A review by the State Auditor’s Office (SAO) conducted at the request of Mayor Nadine Woodward to examine employee concerns related to work with the community organizations that operate public and human services has revealed four findings.
The audit, conducted over the past year, flagged concerns related to policies and practices governing procurement, sub-recipient agreements, conflict of interest, and gifting of public funds. The final report includes the City’s response that details specific actions to improve training, service delivery, oversight, and accountability.
“Our employees raised questions about some of our processes and procedures that we felt required outside review,” Woodward said. “The State Auditor’s Office conducted a thorough examination of the concerns and provided us with excellent guidance and recommendations to avoid a repeat of this situation.”
Community, Housing, and Human Services staff raised questions related to work convened and overseen by the department. The questions focused on process, including how processes are implemented, followed, and improved.
Woodward reported the concerns to the state auditor and requested the agency investigate. The employees and elected official noted in the final report all left City employment prior to 2020.
The SAO reported findings in these areas:
- Procurement – The department did not comply with City policy and procedure for two contracts awarded in 2019. The department could not provide documentation to demonstrate it performed informal solicitations as required by City policy, according to the finding. The contracts were for flooring repairs of $11,400 and $13,300.
- Sub-recipient agreements – The department follows an informal practice to award sub-recipient services rather than relying on adopted polices and written procedures. The state reviewed three contracts and the department could not provide evidence it followed its practice and solicited an RFP or performed a competitive bidding process for sub-recipient agreements approved in 2019 of $881,482, $740,000, and $495,841 for warming center shelter operations.
- Conflict of interest – In review of the sub-recipient agreements, the auditor found two of the three contracts referenced in the previous finding had an appearance of a conflict of interest. In one instance, a former City Council member participated in a sub-recipient award process that included an organization whose founders contributed to the member’s mayoral election campaign. In the second instance, a department director responsible for the shelter and warming center programs participated in awarding the agreement and then left the City for employment with the sub-recipient. No documentation existed to evidence the department or City resolved the potential conflicts of interest.

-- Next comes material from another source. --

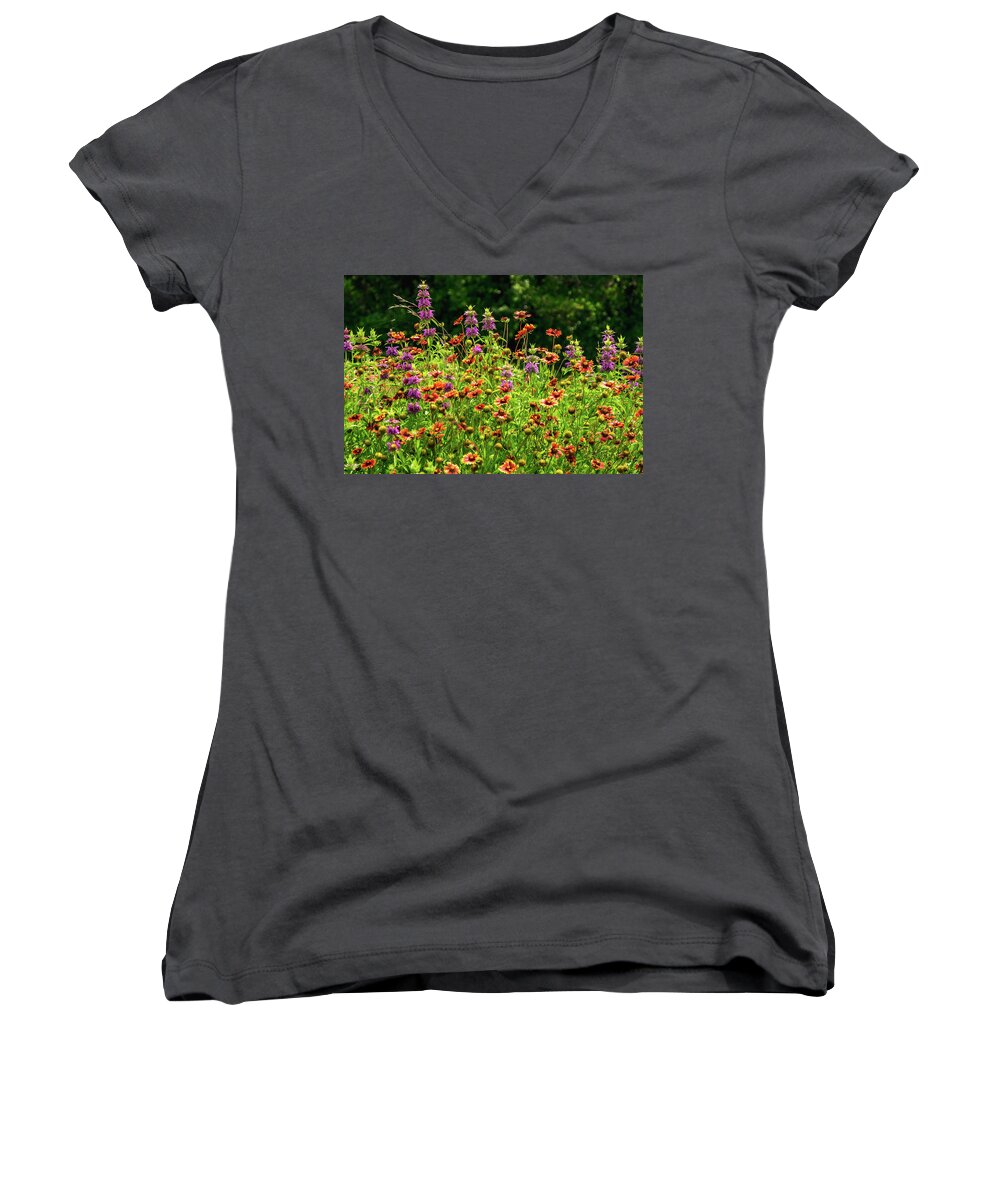 Texas Wildflowers Women's V-Neck featuring the photograph Purple Fire by Johnny Boyd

- Gifting of public funds – The department reimbursed a consulting agency for two mortgage payments and one car loan payment for one of the agency’s employees in 2017 totaling $2,453, which are personal, non-business expenses. According to department staff, a department director approved making the payments to the consulting agency as an alternative form of compensation for the employee’s service hours worked under the agreement.

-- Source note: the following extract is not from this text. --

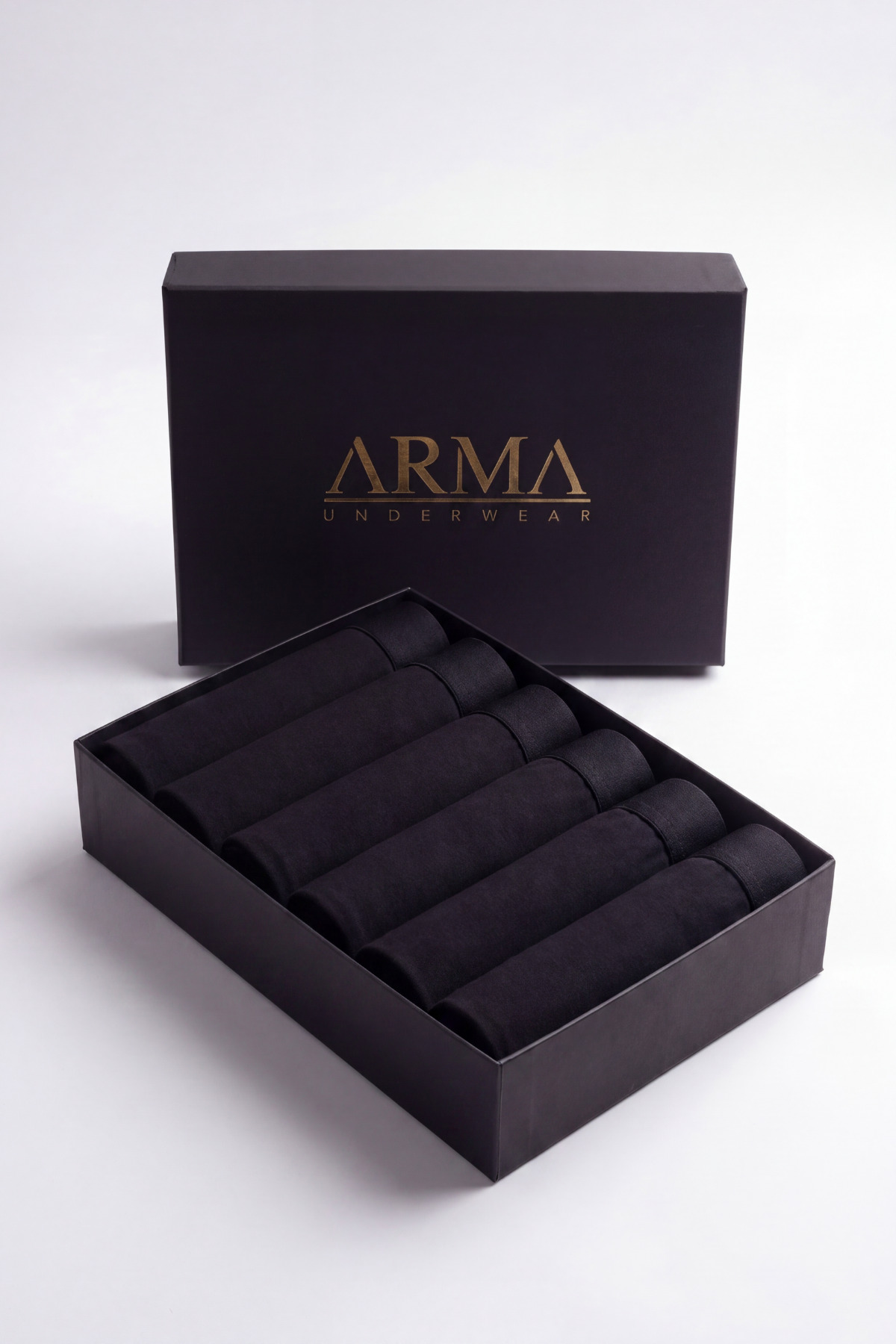 Arma Yıldız Erkek Premium Bambu Siyah Boxer 6'lı Hediye Kutulu Damat Bohçası ve Çeyiz Seti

The SAO attributed the cause of the conditions to, “Department staff felt pressure and influence from Department directors and those Department directors felt pressure and influence from a City Council member to approve projects, contracts, agreements and transactions that bypassed established internal controls, Department practices and the City’s adopted policies and procedures.”
“I commend the Mayor and the CHHS Department for formalizing new procurement rules that should prevent future questions,” said Council President Breean Beggs. “I believe that even the appearance of a potential conflict is concerning and will work to ensure that RFP respondents are confident that they have an equal playing field.”
The CHHS department is part of the Neighborhoods, Housing, and Human Services division. Woodward appointed Cupid Alexander to oversee the division in November and he has already taken steps to tighten policies, procedures, and practices.
“We have already begun learning from this and making changes to protect taxpayer resources and our employees,” Alexander said.
The City committed in its response the state auditor to:
- Establish protocol and implement a training program related to purchasing
- Provide additional training on Personnel Policies and Procedures regarding how to report fraud, waste, abuse, and whistleblower protections
- Embed procurement training into the onboarding of future department employees
- Review and update policies and procedures
- Require employees to use a consistent and equitable process to evaluate, select, and award agreements to sub-recipients
- Require all selection committee members to acknowledge having reviewed conflict of interest policies and procedures
- Ensure consultants are reimbursed for actual and appropriate business expenses
- Embed conflict of interest training into the onboarding process
- Provide ongoing education and review of conflict policies
- Require all employees to attend and complete the Gifting of Public Funds training
- Provide department staff training for a detailed process to use if an invoice or document is in question
The full audit is published on the SAO website.